> ‘But REPLY_FAULT also provides a way to define and implement new kinds of errors — application-specific errors — such as access control rules. For instance, the Hubris IP stack assigns IP ports to tasks statically. If a task tries to mess with another task’s IP port, the IP stack faults them. This gets us the same sort of “fail fast” developer experience, with the smaller and simpler code that results from not handling “theoretical” errors that can’t occur in practice.‘
This sounds good when the system is small and tight and applications are written mostly by people who designed the whole system.
But as an application developer, I’d be somewhat scared to interface with third-party code over an IPC model where the other service can at any time send back an instant death pill to my process.
I guess I just don’t trust other app developers that much. The world is full of terrible drivers and background processes written by stressed-out developers harassed by management. They’ll drop in a bunch of potentially unsuitable default REPLY_FAULTs if it means they get to go home before 8pm.

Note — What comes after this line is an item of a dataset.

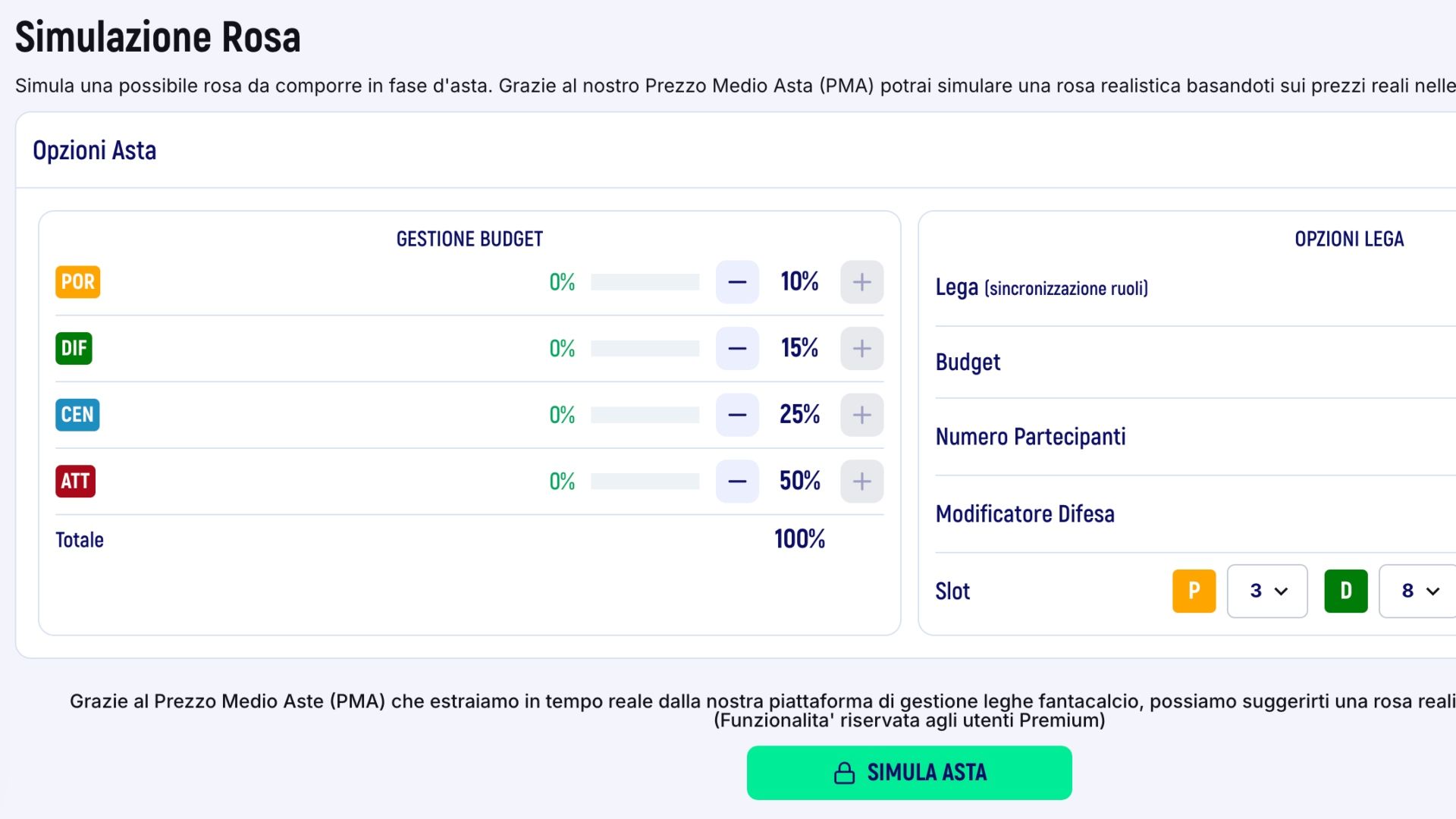 Simulazione Rosa Fantamaster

I think that's intentional because that's what Hubris is aimed at.
...and in that circumstance, the author reports finding, apparently serendipitously, that it helped with development: "Initially I was concerned that I’d made the kernel too aggressive, but in practice, this has meant that errors are caught very early in development. A fault is hard to miss, and literally cannot be ignored the way an error code might be."
Swift death to deviance is a way to keep the system tight. The designed scope probably keeps it small anyway. Scopes have a way of creeping, but I don't think people will want to force tasks into Hubris that would be better on the host rather than in its embedded controllers.
To be fair, this is how abort works in any library you call into that’s in your process.
The Dennis Nedry approach to counting dinosaurs in Jurassic Park.
Indeed, this happened with Symbian. An IPC server could panic the client. As an application developer without access to the OS source code this was pretty terrible. Not all preconditions were easily understood and could vary between devices and OS versions.
For service, think "OS interface". If you make a bogus kernel call on a monolithic kernel, it would be reasonable for the OS to kill you. Also note that when you say "process" it might be different than you think because threads all share the same address space on hubris.
It seems like in an embedded environment, it's good to resolve these misunderstandings immediately when they occur, regardless of whose fault it is.
The server says "that client is bad!" so the kernel kills it. The problem is really that the two didn't understand each other.